If you want to know specifically about how information is displayed on a modern monitor, it basically uses something like a UART above to transfer the contents of a large chunk of contiguous memory to the monitor itself, which maps that data into brightness levels of areas on a screen.

If you want to know how the data to be displayed on the screen gets composited from input data like vertexes and textures and stuff, that gets pretty darn complicated pretty darn fast. Worth studying up on though.

So... what was it you wanted to know, exactly?

Stephen M. Webb
Professional Free Software Developer

Do you have a particular piece of hardware you'd like to interact with?

Are you trying to make an OS?

Depending on what you want to do a good place to begin might be the Windows DDK (driver development kit).

Alongside the DDK data sheets and programming guides for certain chips that are in certain products would be a good read.

Another good place to start might be OS programming websites, or old DOS based programming books/sites since the OS didn't protect hardware access.

Become familiar with terms like interupts, DMA, MMIO, and I./O address space.

But basically reading and writing to special registers and memory areas which are mapped to the CPU address space is how its done. But each piece of hardware is different in how its controlled. For example AMD video cards are controlled differently than nvidia video cards and USB ports are still different to both those (and different brands of USB are different.

-potential energy is easily made kinetic-

Try taking a look at some sites like osdev.org, which will provide you with a wealth of information and even source code as low level as it's possible to go without creating your own hardware or flashing the bios with your own code (neither really recommended these days).

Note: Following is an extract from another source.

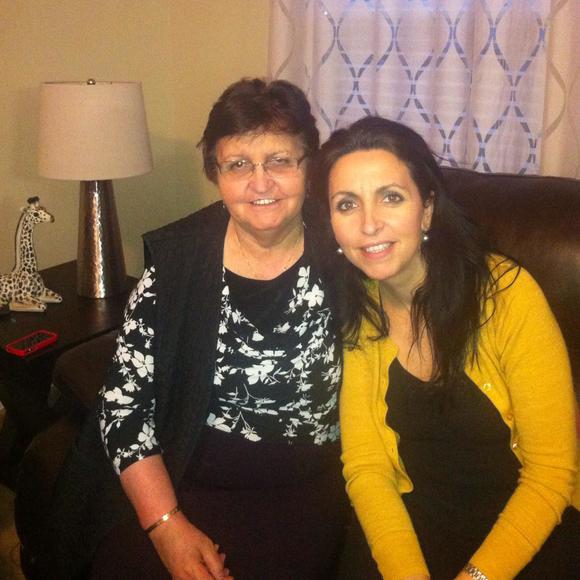 Meet your Posher, Zekije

Let me know if this helps!

Buy an Arduino or Raspberry Pi

I would like to gain a some knowledge on the control of hardware, say a monitor interacting from an operating system

Interacting with a OS implies writing a kernel device driver, that's an entire world in itself.

What is the lowest level like and how does the software do this?

Before you look at the computer side, it probably pays to look at the electroncs/hardware side too. Simple entries in this field are Raspberry PIs or Arduino boards (and probably others, any single board processor card will do, picking a popular one means you'll have a lot of answers available from the Internet). Their OS is small or even non-existing, but for experimenting with hardware devices that's ideal.

Edit: Ninja'd by Hodgman

Thank you everyone I'm not developing an OS just interested. What I'm wondering now is how a software program's command result becomes a digital signal to the semiconductor?

Thanks again,

Joshuae

Anything your high-level program does is never interpreted directly by hardware in a modern system.

Even what you visualise as machine code opcodes are just handled by microcode, interpreted at some level within the cpu to a more pure form...

A modern pc is like a huge game of "Chinese whispers", where each layer whispers a command to the next which is reinterpreted into a more suitable form.

Assuming you're running a c++ program on Windows 10, there are probably about 15 layers between you and the hardware. If you're executing .NET CIL code, many more layers exist on top of that.

It's important to only concern yourself with the layers that immediately concern what you want to achieve as there's many man-centuries of code and computer science between you and that discrete electronic signal bouncing around transistors.

Hope this helps!

what I mean is the signal from the programming command to the actual computer. Maybe this is a different answer. I am at the level of how does a command turn into any sort of electronic signal.

Thank you,

JoshuaE

DAC (digital to analog converter) is what you're looking for. In the case of video cards its the RAMDAC.